On February 8, 2024, Bell announced a restructuring that included the sale of 45 of its 103 radio stations to seven buyers, subject to approval by the CRTC, including CFZZ and CFEI, which was to be sold to Arsenal Media. On March 11, 2025 the CRTC approved the sale to Arsenal Media.

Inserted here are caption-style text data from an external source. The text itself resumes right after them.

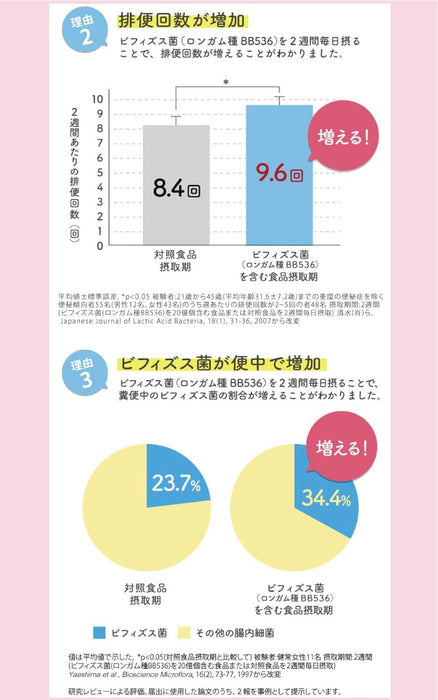 (現貨|全港免運) 森下仁丹 - Health Aid Bifina R 25億 晶球 益生菌乳酸菌 日本本土版 (20日份)【平行進口】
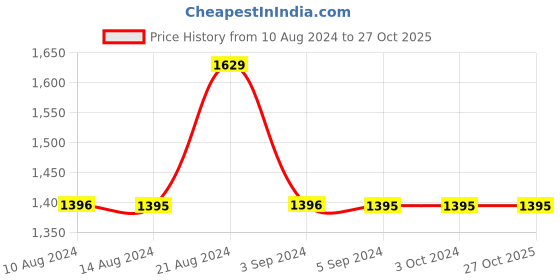 tatacliq.com Odette Red Metal Embroidered Clutch odette Price History Graph from 10 Aug 2024 to 26 Oct 2025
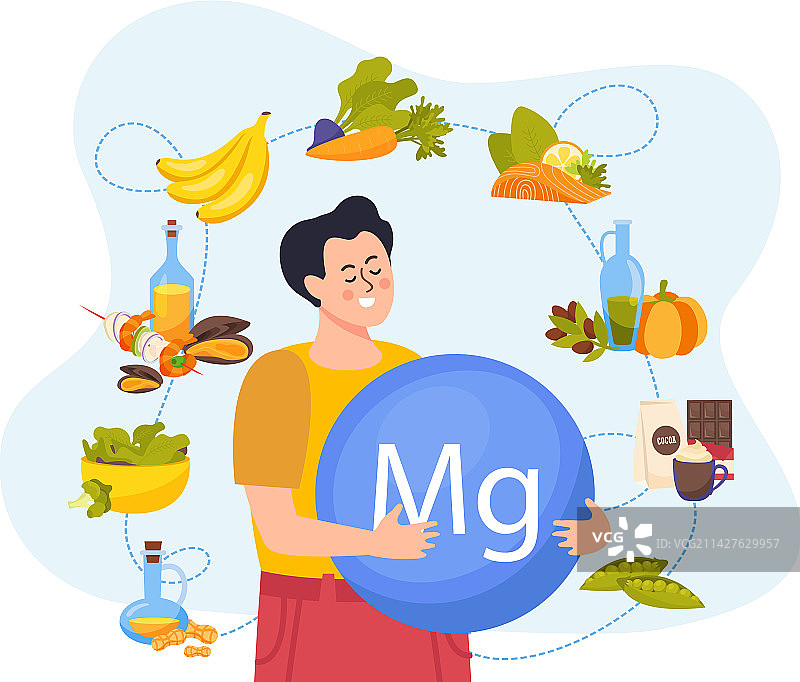 镁食物成分构成图片素材
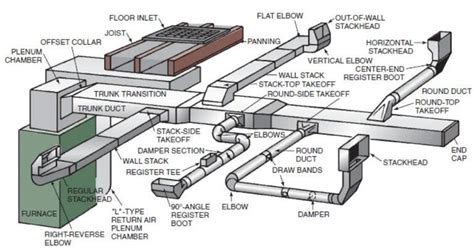 Ductwork Definition And Example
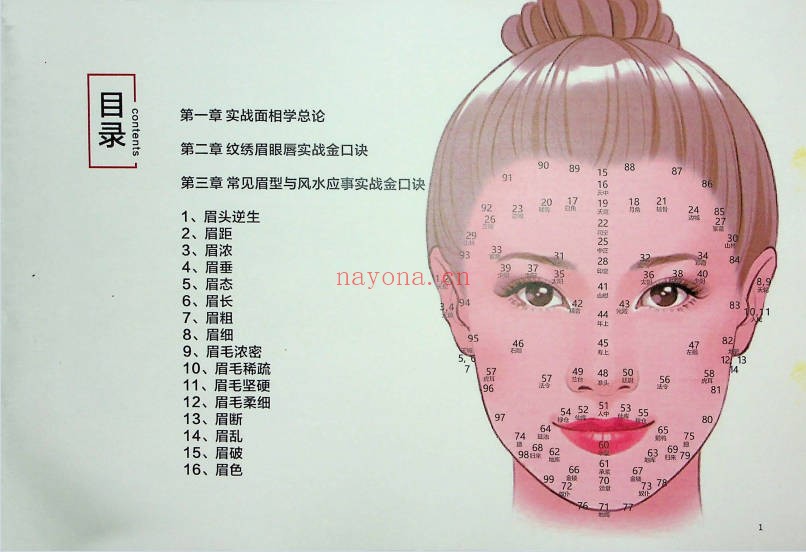 面相美学贵族女相与纹绣风水实战金口诀85页PDF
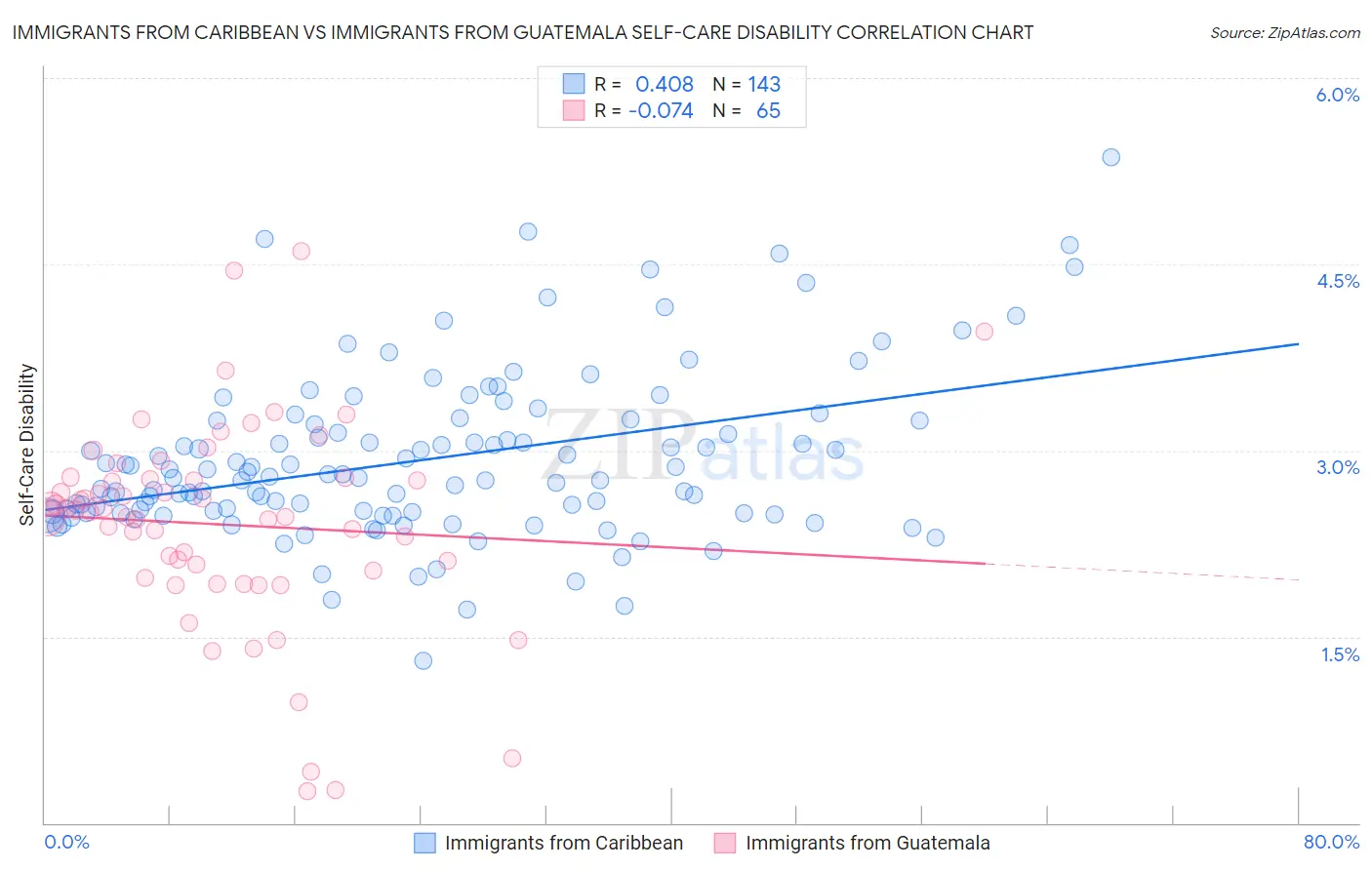 Immigrants from Caribbean vs Immigrants from Guatemala Self-Care Disability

On April 22, 2025, all of the French Boom affiliates have disbanded to affiliate with the O network by Arsenal Media, this means that the original Boom affiliates are gone and the English Boom affiliates are what is left of Boom FM.

==Stations==

| Station ID | Frequency | City | Province | Language | Owner |
|---|---|---|---|---|---|
| CHBM-FM | 97.3 | Toronto | Ontario | English | Stingray Radio |
| CJOT-FM | 99.7 | Ottawa | Ontario | English | Corus Entertainment |
| CJSS-FM | 101.9 | Cornwall | Ontario | English | Corus Entertainment |
| CJXK-FM | 95.3 | Cold Lake | Alberta | English | Stingray Radio |
| CKKY-FM | 101.9 | Wainwright | Alberta | English | Stingray Radio |
| CILB-FM | 103.5 | Lac La Biche | Alberta | English | Stingray Radio |
| CKBA-FM | 94.1 | Athabasca | Alberta | English | Stingray Radio |
| CHSL-FM | 92.7 | Slave Lake | Alberta | English | Stingray Radio |
| CIXF-FM | 101.1 | Brooks | Alberta | English | Stingray Radio |
| CFXW-FM | 96.7 | Whitecourt/Fox Creek | Alberta | English | Stingray Radio |
| CFHI-FM | 104.9 | Hinton | Alberta | English | Stingray Radio |
| CHOO-FM | 99.5 | Drumheller | Alberta | English | Stingray Radio |

===Former stations===
- Amqui, Quebec - CFVM-FM (switched to RockDétente in 2008; now Rouge FM)
- Drummondville, Quebec - CHRD-FM (switched to RockDétente in 2008; now Rouge FM)
- Saint-Hyacinthe, Quebec - CFEI-FM (switched to O network in 2025)
- Saint-Jean-sur-Richelieu, Quebec - CFZZ-FM (switched to O network in 2025)
===Unrealised station===
CKSM AM 1220 of Shawinigan, Quebec was originally announced in April 2007 to have been a new affiliate of Boom, with plans to relocate the station to the FM band. However, the plans never materialised, and the station, which at the time was owned by Astral but rebroadcast then-Corus owned CHLN 550 AM of Trois-Rivières, closed down on June 30, 2007.

===Other===
Stingray's CHNO-FM in Sudbury, Ontario, CIJK-FM in Kentville, Nova Scotia, and CHHI-FM in Miramichi, New Brunswick are branded as Rewind instead of Boom, but otherwise resemble Boom FM stations with a similar logo design, a similar classic hits format and some shared programming. CIHI-FM in Fredericton, New Brunswick was also branded as Rewind until March 2024 when the station flipped to Top 40/CHR with Stingray's HOT brand.